> [WHAT YOU HAVE TO DO]:
Reproduce, please, the line that holds "Motorway at night" and all later lines through the end of the entries below, exactly; omit pictures.

====== SUPPLIED MATERIAL ======

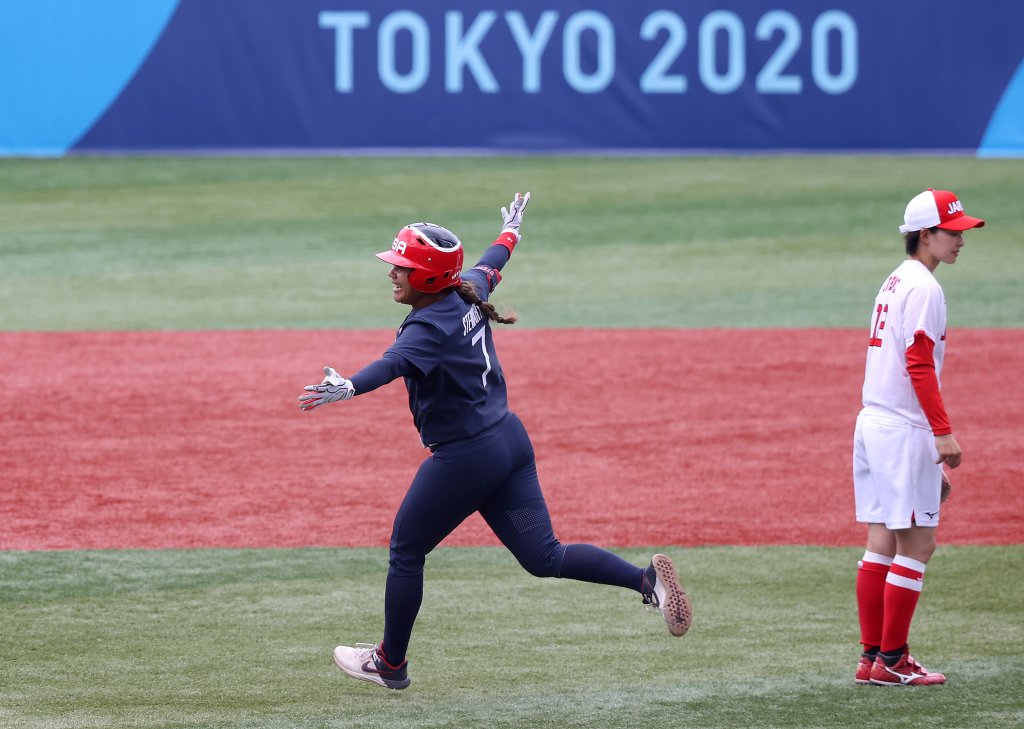 Kelsey Stewart #7 of Team United States celebrates while rounding second base after hitting a walk-off home run in the eighth inning as Mana Atsumi #12 of Team Japan looks on during softball opening round on day three of the Tokyo 2020 Olympic Games at Yokohama Baseball Stadium on July 26, 2021 in Yokohama, Kanagawa, Japan. Team United States defeated Team Japan 2-1.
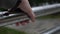 Male hand wipes off raindrops from metal handrail of protective guarding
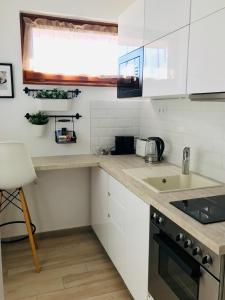 凱奇凱梅特的住宿－Belvárosi Stúdió Apartman，厨房配有白色橱柜和台面
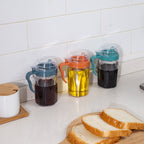Cavira Precision Pour oil and condiment dispenser bottle with eagle-beak spout, transparent plastic, designed for drip-free pouring.
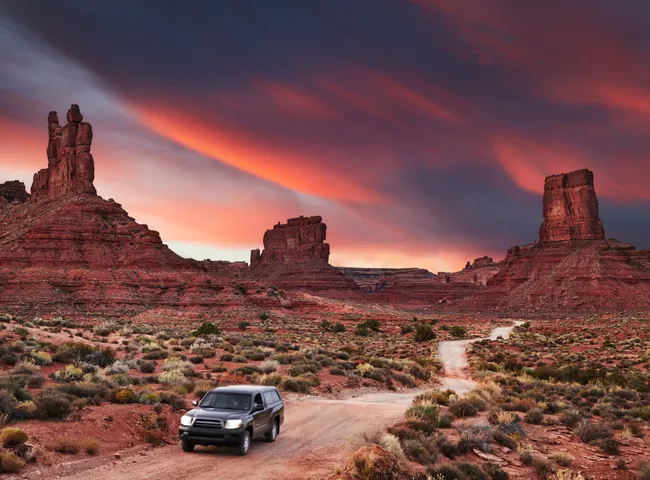 SUV driving on a dirt road through red rock formations in Valley of the Gods at sunset.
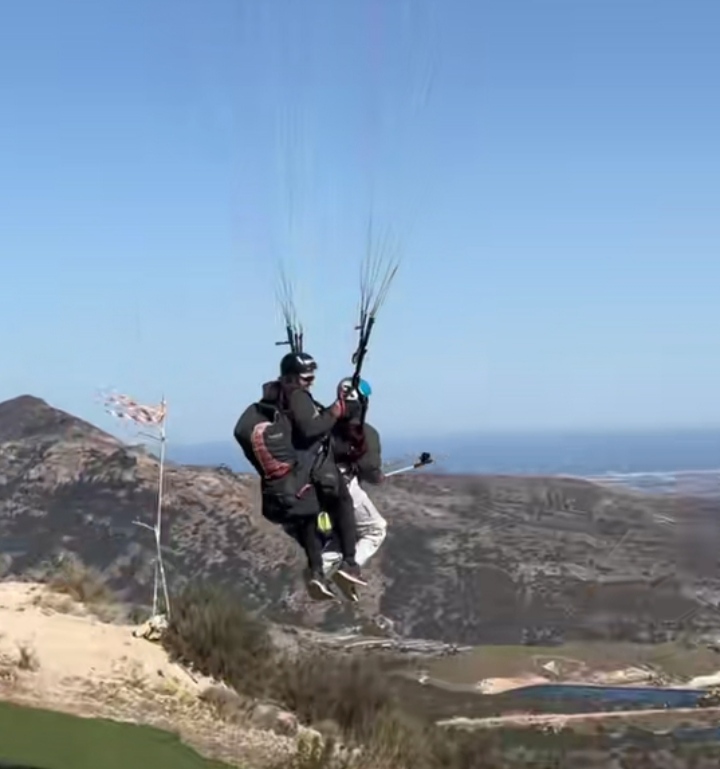 Lady shares dad's hilarious reaction to her paragliding video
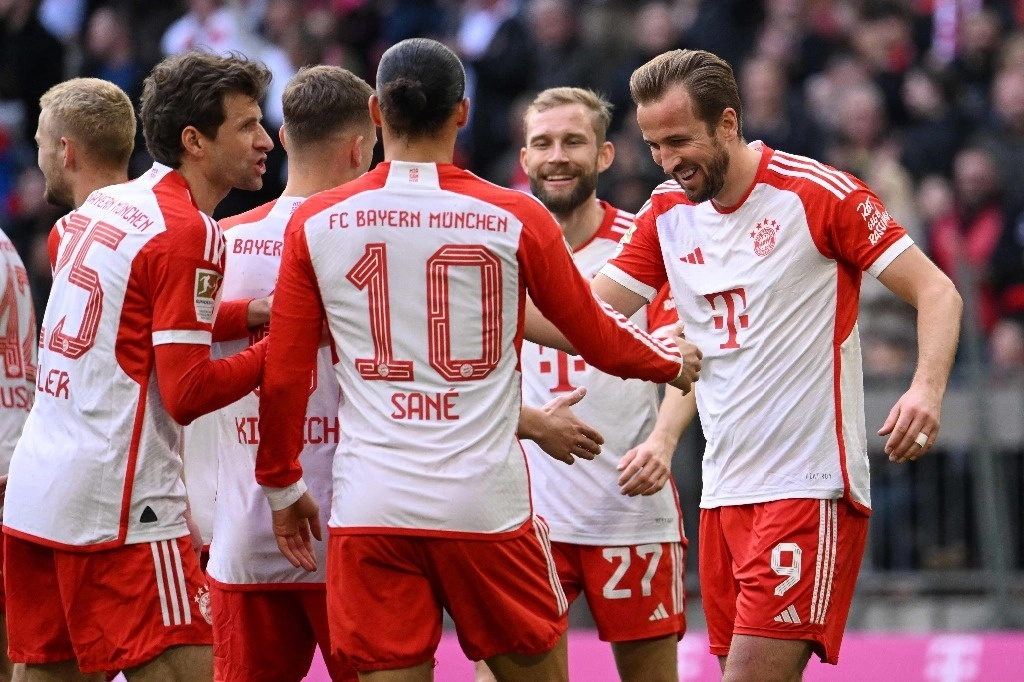 Harry Kane (derecha) celebra con sus compañeros uno de los tres goles que anotó en la goleada de 8-1 que el Bayern Múnich le propinó a Maguncia en la fecha 25 de la Bundesliga. Foto Afp
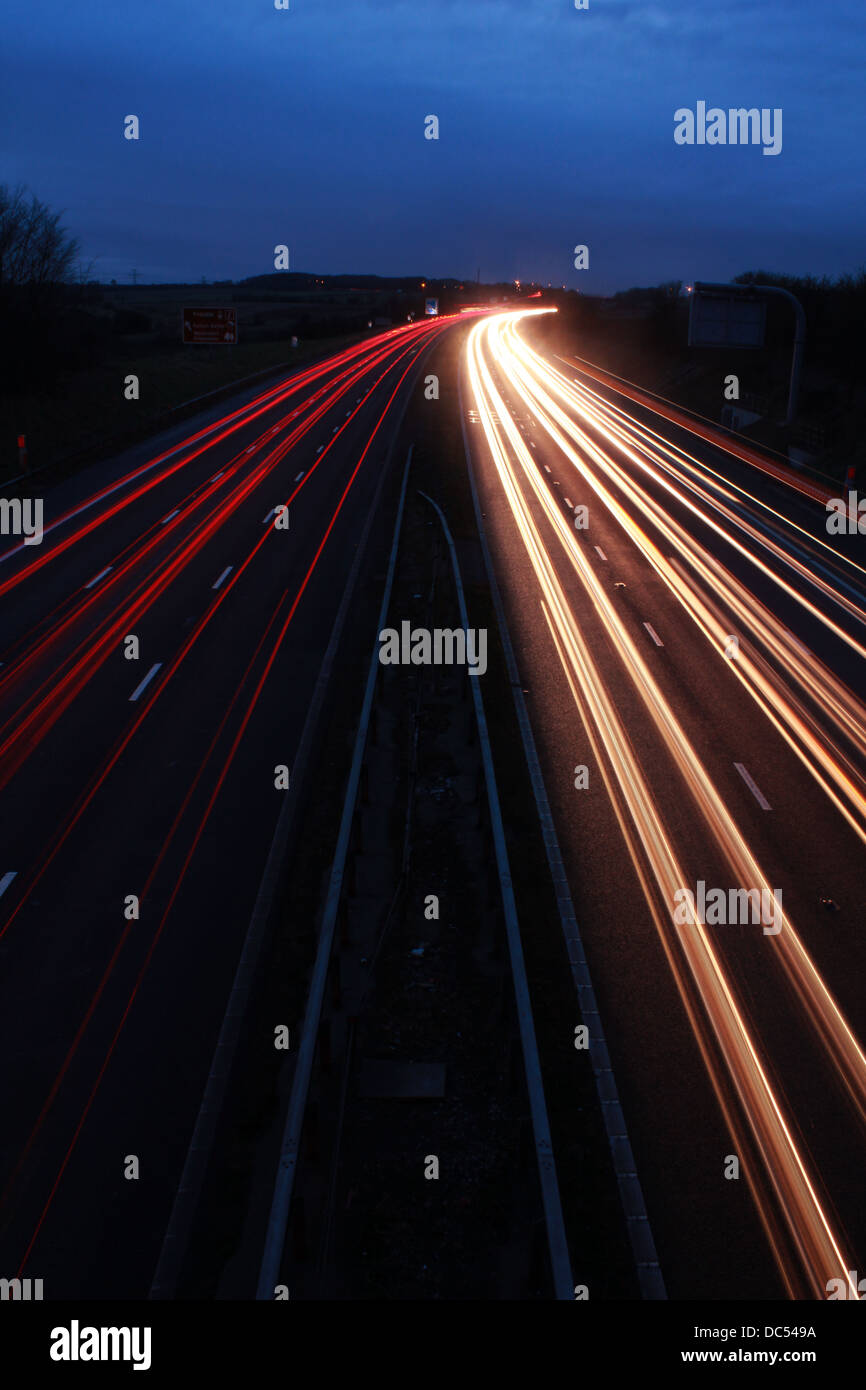 Motorway at night with car light trails Stock Photo
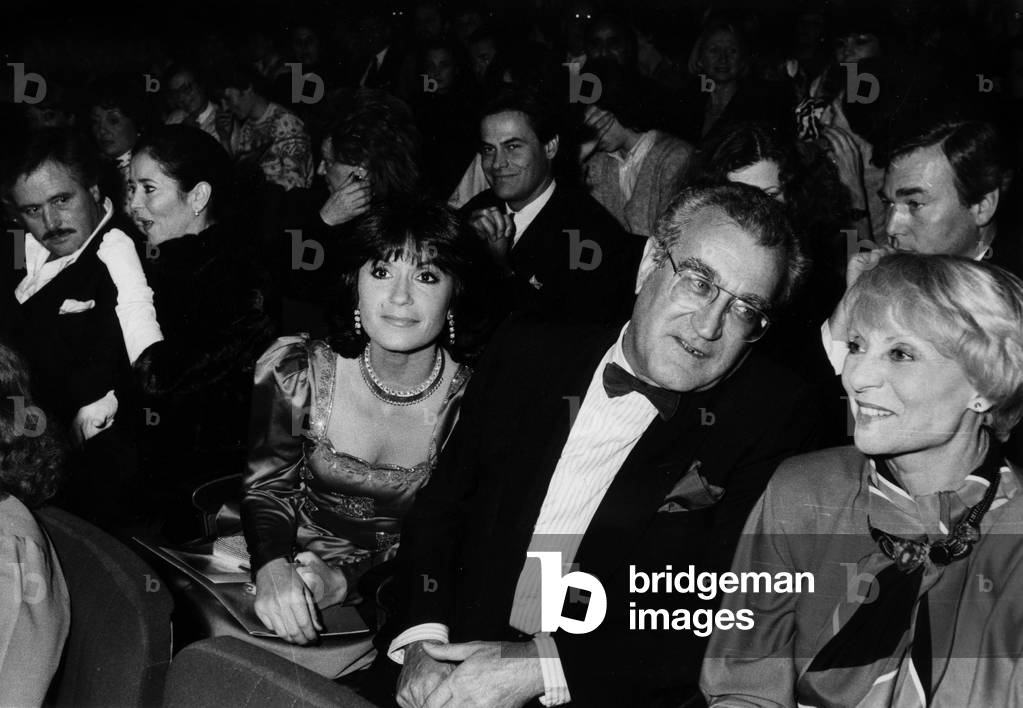 French French Secretary of State For Communication Georges Fillioud and his Wife Daniele Evenou at Olympia, Paris, For Enricomacia' Concert March 8, 1985. on L : Victor Lanoux and Marie Jose Nat. on R : Annie Cordy (b/w photo)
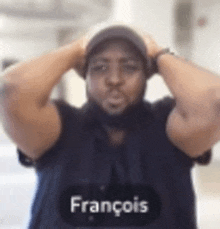 a man wearing a hat and a black shirt with the name francois on it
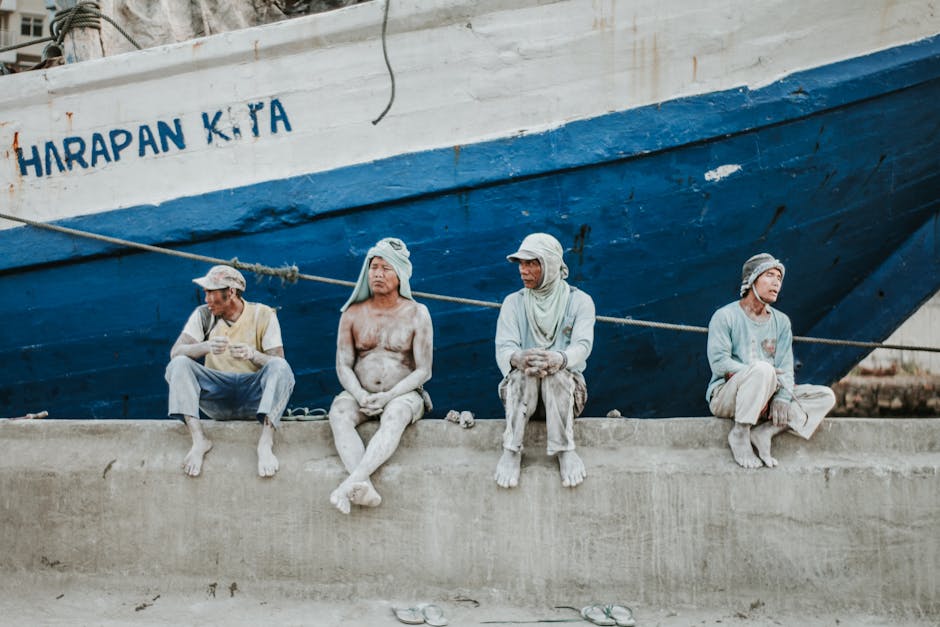 Four dock workers rest on a pier beside a large blue ship, reflecting a moment of pause.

======

> [REPLY]:
 Motorway at night with car light trails Stock Photo
 French French Secretary of State For Communication Georges Fillioud and his Wife Daniele Evenou at Olympia, Paris, For Enricomacia' Concert March 8, 1985. on L : Victor Lanoux and Marie Jose Nat. on R : Annie Cordy (b/w photo)
 a man wearing a hat and a black shirt with the name francois on it
 Four dock workers rest on a pier beside a large blue ship, reflecting a moment of pause.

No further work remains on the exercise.